In summary, the PC29A dataset shows that grain-size variations significantly affect the XRF peak areas of a few elements only, and that these variations are on the order of 0–1 % per micron. There is however no consistency in the level of imprecision caused by grain-size variations. Since the correlations between XRF peak areas and ICP-AES concentrations are significantly improved when using pressed pellets (Table 19.2 in Appendix), other physical properties such as bulk density must play an important role in the relatively high imprecision of XRF measurements obtained on wet sediment cores. Changes in bulk density are generally related to sediment packing, i.e., porosity, rather than grain density, and could be estimated using core logging of gamma-ray (e.g., Zolitschka et al. 2001) or x-ray (Francus et al., this volume) attenuation.
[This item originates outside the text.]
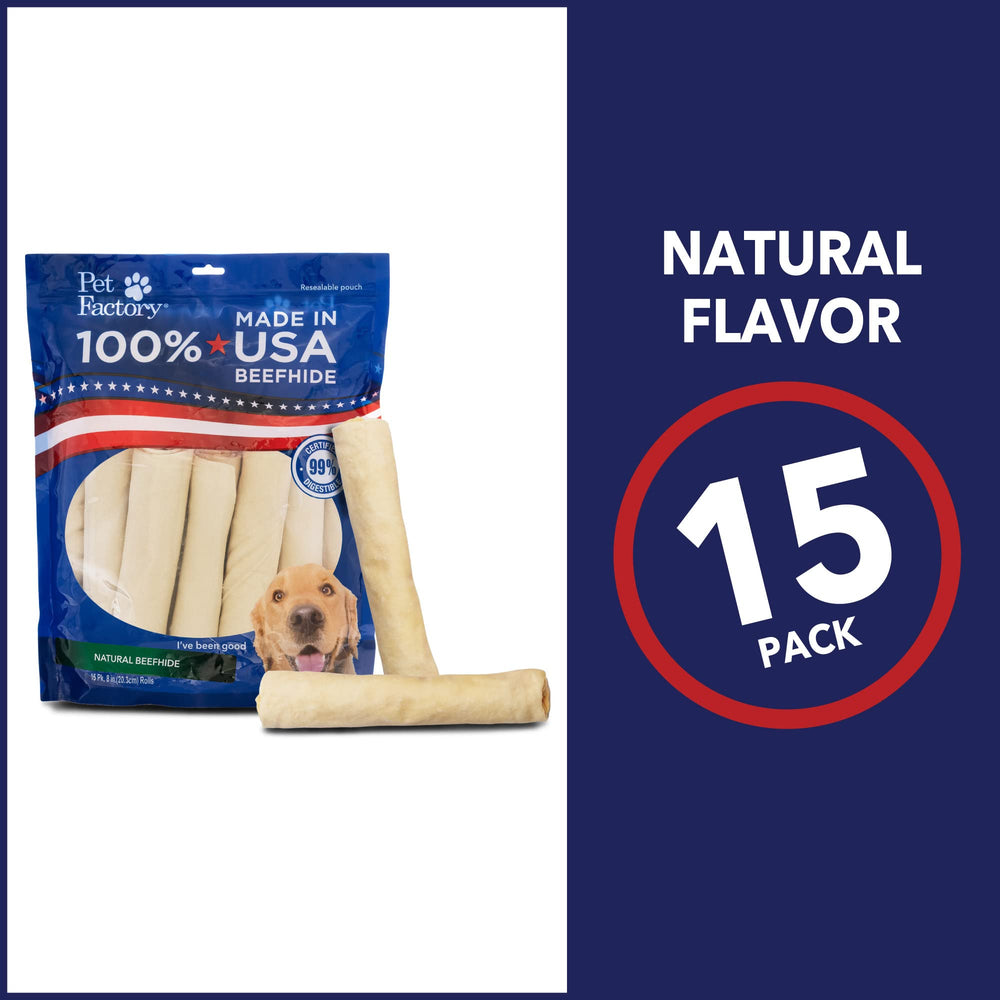 Pet Factory beefhide rolls 15-count pack suitable for medium dogs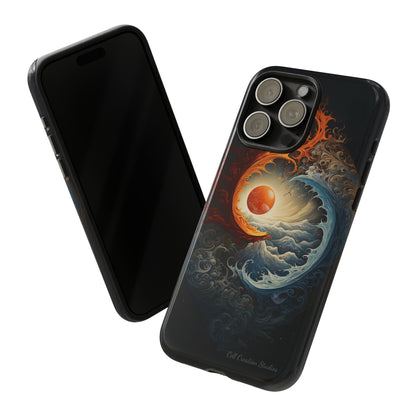 "Dual Elements Clash: Fire and Water Abstract" Phone Case -Tough Cases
Quantifying the Influence of Grain-Size Variations on XRF Peak Areas

In Table 19.6 (in Appendix), the slopes of the correlations between the XRF/ICP ratio and grain-size are used to quantify the effect of grain-size variations on XRF peak areas. The strongest significant imprecisions caused by changes in sediment grain-size are for elements K, Sr and Zr, on sediment core JPC14, and for elements Ca and Mn on sediment core PC29A. These imprecisions on peak areas caused by grain-size are always lower than 1 % per micron.

Table 19.6 Decrease in the relative precision of XRF core scanner measurements due to grainsize variations, for data obtained on sediment core JPC14 before (a), and after (b) water content correction, and for data obtained on sediment core PC29A (c). These values are derived from the slope of the linear regressions presented in Figs. 19.6a, 19.7 and 19.8a. Columns (d) to (f) present the range of grain-sizes that corresponds to a relative precision of XRF core scanner measurements of 5 %. (see Tables 19.3a, 19.3c and 19.5a)
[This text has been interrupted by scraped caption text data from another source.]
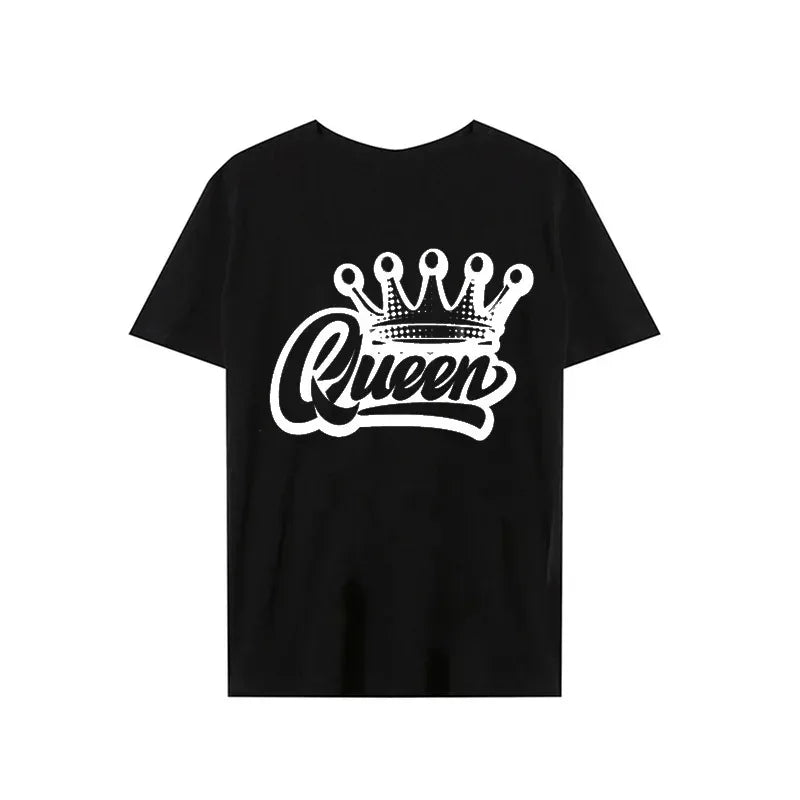 King Queen Crown Print Lover Couples Tee Shirt Harajuku Women T-shirt Crown Couple Matching Tshirt Clothes Summer Women Tops
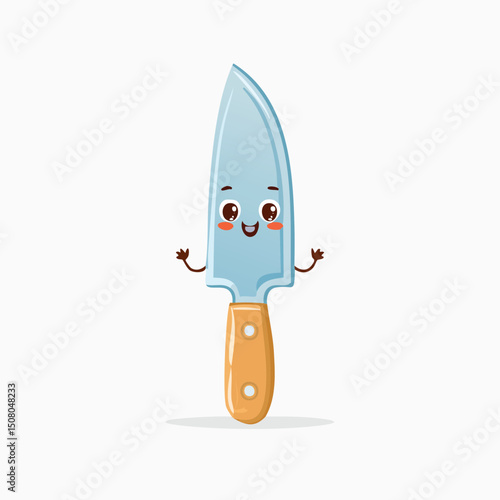 Kitchen knife in cute cartoon character style with expressive face and limbs.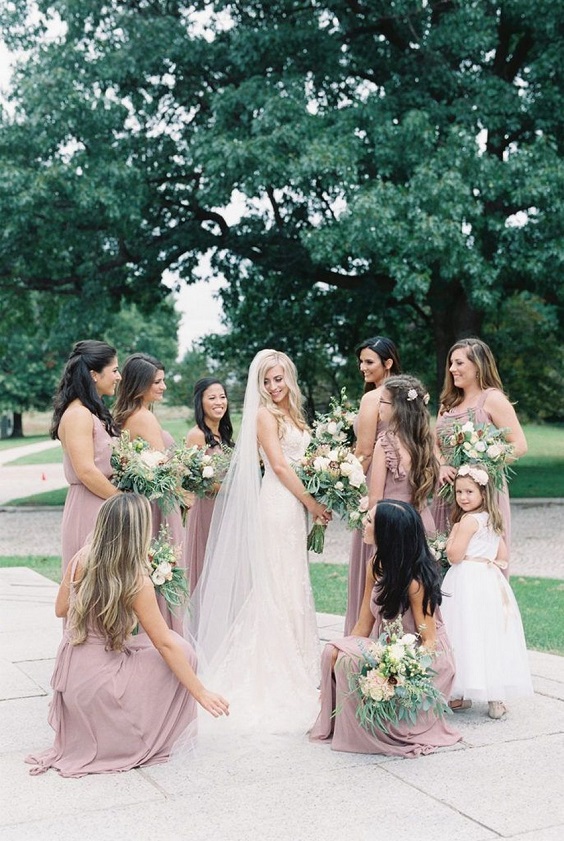 mauve wedding bridesmaid dresses for mauve and green country chic wedding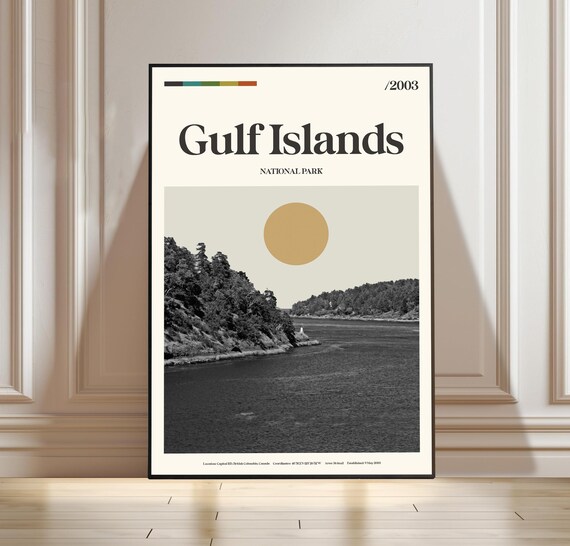 Gulf Islands National Park British Columbia Monochrome Travel Poster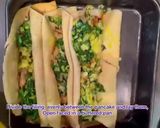 A picture of step 10 of Buckwheat Crêpes with spinach, leeks, bacon and Gruyère cheese.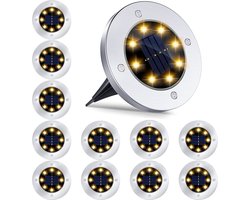 EZMarkt 12x Stuks - Tuinspot voor buiten - Zonne-energie - Tuinverlichting - Tuinspots led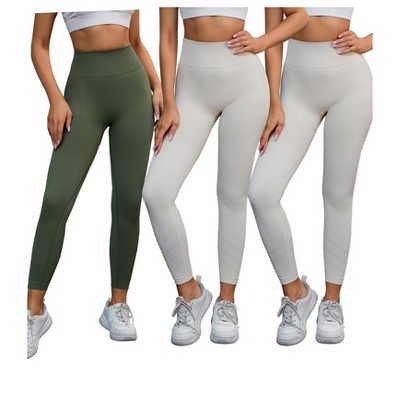 INSPIRE CHIC 3 Packs Women's High Waisted Butt Lifting Cycling Running Workout Control Panties 2 Beige 1 Green X-Large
If we consider that imprecisions of 5 % are satisfactory, which is acceptable in elemental geochemistry (e.g., De Vivo et al. 2008), the results obtained on core JPC14 show that XRF peak areas obtained on sediment cores with grain-size variations of up to 20–40 μm. do not need to be corrected for grain-size. This value is however lower when considering the results obtained on core PC29A, for which an imprecision of 5 % corresponds to grain-size variations of as little as 6 μm for some elements.
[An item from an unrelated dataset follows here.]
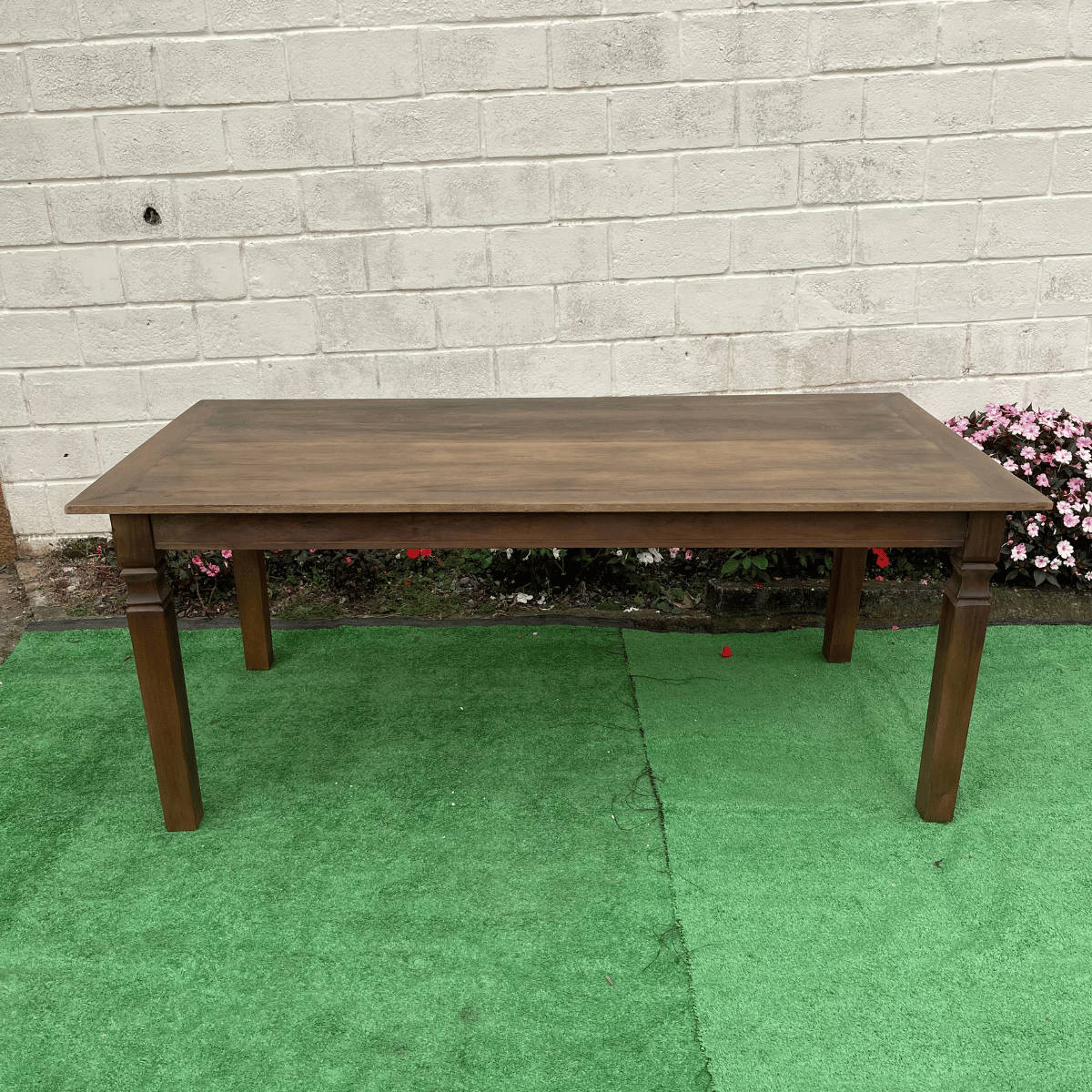 Ver imagem 4 de Mesa Madeira de Demolição Retangular 2m X 1m Escura Maciça Sudeste Rústico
For Fe and Ti, which are among the most frequently used elements in XRF studies of sediment cores, grain-size variations of up to 40 μm do not affect the XRF peak areas for more than 5 %. For cores that present large grain-size variations, such as JPC14, correcting the XRF peak areas for water content significantly improves the precision, and therefore increases the grain-size range for which good XRF data can be obtained, by a factor of three.

Conclusions

The comparison between XRF core scanner peak areas and ICP-AES elemental concentrations obtained on sediment cores JPC14 and PC29A provides evidence for a limited influence of sediment grain-size variations on XRF peak areas. Grain-size variations only affect a limited but inconsistent number of elements. For the elements that are affected, the effect of grain-size is negligible for grain-size ranges of 10–20 μm. For cores that show large variations in grain-size, correcting the peak areas for water content variations improves the precision of the XRF core scanner data by a factor of three. This study therefore demonstrates that grain-size variations are not a major issue in XRF core scanning of sediment cores. Further studies should focus on assessing the influence of other sediment physical properties, e.g., bulk density, on XRF peak areas.